ПОБЕДИТЕЛИ /ДА ПРОИГРАВШИЕ /ДА
«Aujourd’Oui» – жокей-бар, и кого здесь только нет: лунные жокеи и жокеи с платформ, жокеи с астероидов, резак-жокеи и силовые жокеи – все они снисходят до того, чтобы позволить мальчишкам и девчонкам из «земной грязи» выйти с ними рядом на танцпол. Эти подростки крутятся вокруг, надеясь стать новыми жокеями, или разделить с ними постель, или просто хотят оказаться неподалеку, прикоснуться к их телу на танцплощадке, впитать частичку их сияния. Жокеи таскают жилеты и куртки форменных цветов, украшенные эмблемами их компаний: «Хьюз», «Пфайзер», «Тошиба», «Туполев», «АРАМКО» – эмблемами победителей в Каменной Войне, которые с беззаботной гордостью носят те, кто помог им завоевать место в небе. Рост Сары – шесть футов три дюйма, и сейчас она крадется через весь танцпол, накинув на плечи черный атласный жакет, украшенный на спине белым журавлем, взлетающим к звездному небосводу, в окружении множества хромированных китайских иероглифов. Это эмблема небольшой компании, ведущей свой бизнес где-то в Сингапуре. Его редко можно увидеть здесь, в Свободной зоне Флориды. Ее лицо незнакомо постоянным посетителям, но в душе она все-таки лелеет смутную надежду, что появление незнакомки менее диковинно, чем если бы она надела куртку с эмблемой «Туполева» или «Кикуйю Оптикс ИГ».
Ее обновленное лицо бледно как снег, типичный для Флориды загар исчез, глаза обильно подведены темным. Иссиня-черные волосы, выстриженные по бокам и длинные на макушке, заплетены на затылке в две тонкие косички, спадающие на спину. В ушах серьги из хромированной стали – настолько огромные, что касаются плеч. Огнецветка расширила ее и без того широкие плечи и сузила ей бедра. Лицо узкое, острое, волосы на лбу растут вдовьим мысом, и все вместе это выглядит как выстроившиеся в ряд наконечники стрел, как кумулятивный заряд – именно этого и требовал Каннингем. На ней черные танцевальные туфли со шнуровкой на лодыжках и темно-фиолетовый стрейчевый комбинезон – подтяжки обрамляют ее грудь, так что соски, сделанные Огнецветкой более заметными, угрожающе торчат вперед. На ней рубашка из прозрачной ткани, усыпанной серебром; и к ней – шейный платок из черного шелка. В оптические центры лобной доли мозга вживлен приемник, отслеживающий полицейские передачи, и теперь поверх ее обычного зрения неустанно горит янтарным цветом светодиод.

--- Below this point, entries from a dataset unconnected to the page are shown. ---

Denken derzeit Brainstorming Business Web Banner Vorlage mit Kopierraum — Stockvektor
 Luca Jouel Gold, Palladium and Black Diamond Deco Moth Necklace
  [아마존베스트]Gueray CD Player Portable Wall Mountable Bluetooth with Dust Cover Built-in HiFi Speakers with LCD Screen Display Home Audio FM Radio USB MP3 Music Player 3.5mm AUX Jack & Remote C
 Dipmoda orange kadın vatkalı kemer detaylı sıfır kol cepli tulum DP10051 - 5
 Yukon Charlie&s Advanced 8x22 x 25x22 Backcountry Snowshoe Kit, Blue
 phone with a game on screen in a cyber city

Это все подарки от Каннингема. А вот слившиеся с сетью нервы – ее собственные. Как и Ласка.
«Я ЛЮБЛЮ СВОИ ГЛАЗА КИКУЙЮ», ПАНЧИТ ПРИМО-ПОРНОСТАР РОД МАКЛИШ, «А С ПОМОЩЬЮ ИНФРАКРАСНОЙ ОПЦИИ Я МОГУ ОПРЕДЕЛИТЬ, ВОЗБУЖДЕНА МОЯ ПАРТНЕРША ИЛИ Я ПРОСТО ПЯЛЮ СИЛИКОН»
«Кикуйю Оптикс ИГ»,
Подразделение «Микоян-Гуревич»
Впервые она встретила Каннингема в другом баре, в «Голубом Шелке». Сара по контракту работала с Лаской, но зацепер, гонец, вцепившийся зубами в кусок больший, чем мог проглотить, и сам был на прошивке – ей пришлось залечивать синяки. К счастью, товар удалось вернуть, и, поскольку договор был заключен через посредников, ей заплатили эндорфинами, что было не так уж плохо, ведь некоторые из них были нужны и ей самой.
На задней стороне бедра синяк, и поэтому она не может сидеть; так что она прислоняется спиной к барной стойке и принимается потягивать ром с лаймом. Аудиосистема «Голубого шелка» мурлычет островные мелодии, и это приятно успокаивает ее расшатанные нервы.

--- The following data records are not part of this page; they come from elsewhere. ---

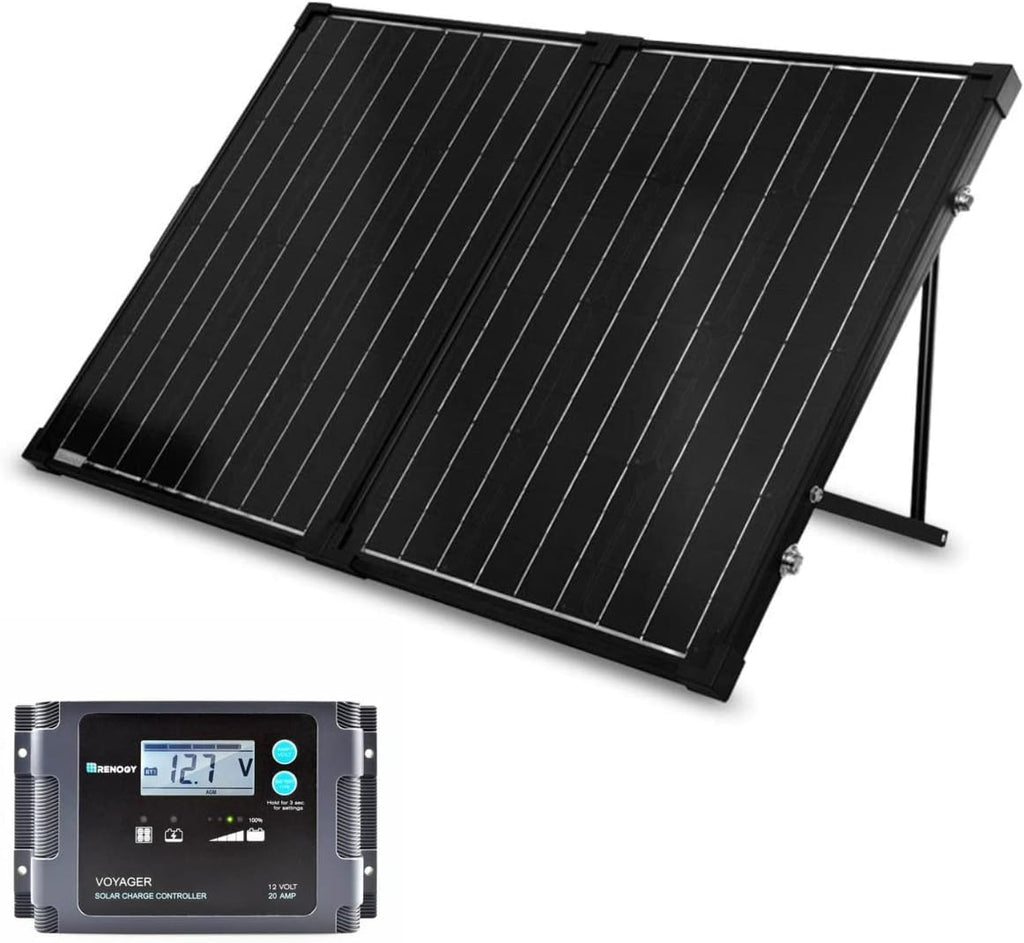 100 Watt 12 Volt Monocrystalline Portable Foldable Solar Panel Suitcase with Waterproof 20A Charger Controller R5515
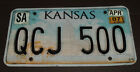 2007 Kansas License Plate QCJ 500 Saline SA County Car Tag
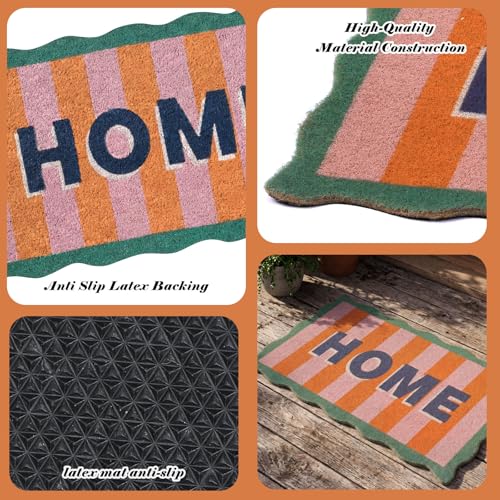 Scalloped Coir Welcome Doormat, 16 x 28 Inch Entrance Mat,Stripe,Classic | Cute Door Mat Decorative Non Slip, Heavy Duty Natural Coir Rug for Front Door, Porch, Patio, Garage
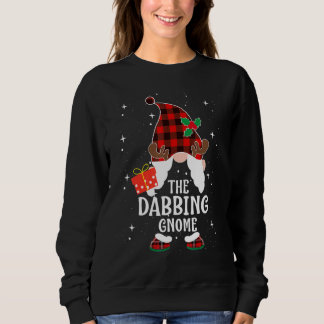 Dabbing Gnome Buffalo Plaid Matching Family Christ Sweatshirt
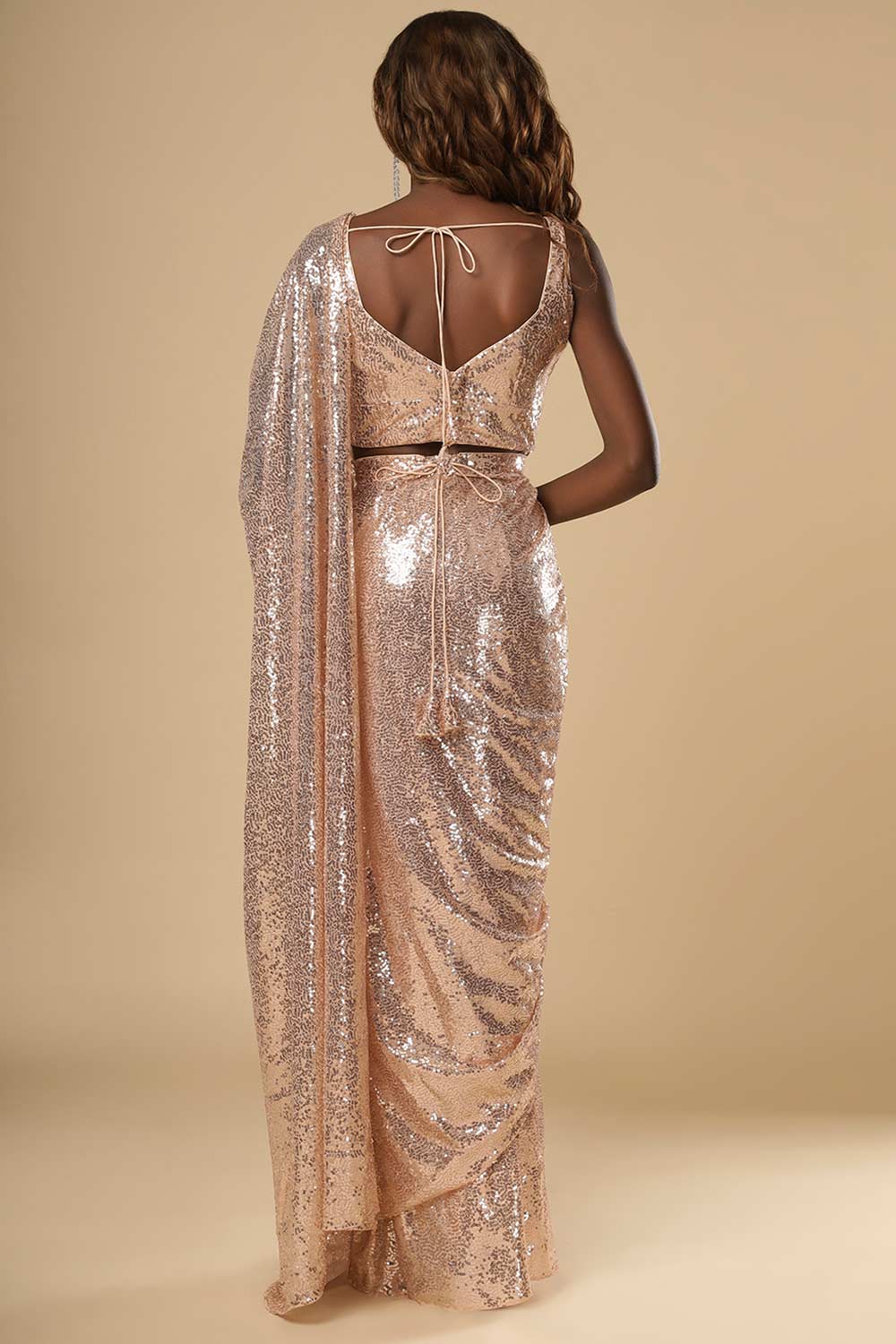 Ciara Rose Gold Luxe Shiny Sequins One Minute Saree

«Голубой Шелк» принадлежит уроженцу Вест-Индии, бывшему резак-жокею по имени Морис. Во время Каменной Войны он оказался на стороне проигравших. У него глаза старой модели «Цейса», а на лодыжках и запястьях – гнезда для чипов, как тогда было модно у военных. На стенах висят фотографии его друзей – героев той войны, все они в лазурных шелковых шейных платках элитного корпуса космической обороны, и большинство портретов обрамлены черными траурными лентами, которые с годами выцветают и становятся фиолетовыми.

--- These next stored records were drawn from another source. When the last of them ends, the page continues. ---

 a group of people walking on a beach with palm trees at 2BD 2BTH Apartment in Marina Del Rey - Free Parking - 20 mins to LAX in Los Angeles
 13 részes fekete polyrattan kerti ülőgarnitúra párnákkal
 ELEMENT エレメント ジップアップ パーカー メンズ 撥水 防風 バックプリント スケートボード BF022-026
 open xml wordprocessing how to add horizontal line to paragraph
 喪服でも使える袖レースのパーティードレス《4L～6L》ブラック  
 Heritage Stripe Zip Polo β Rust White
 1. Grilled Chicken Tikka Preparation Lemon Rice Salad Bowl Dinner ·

Саре интересно, что видели его цейсовские глаза. Видели ли они рентгеновские вспышки, последовавшие за ними запуски глыб весом в десять тысяч тонн с помощью орбитальных двигателей, которые прорывались сквозь атмосферу и обрушивались на города Земли? Искусственные метеориты, каждый обладающий мощью ядерного взрыва, сначала упали в восточном полушарии, на Момбасу и Калькутту, и к тому времени, когда планета повернулась и мишенью стало уже западное полушарие, Земля сдалась – но орбитальные компании посчитали, что Запад недостаточно хорошо их понял, и камни упали снова. Сбой в системе связи, так это объяснили. Миллиарды людей на Земле прекрасно понимали, что произошло на самом деле.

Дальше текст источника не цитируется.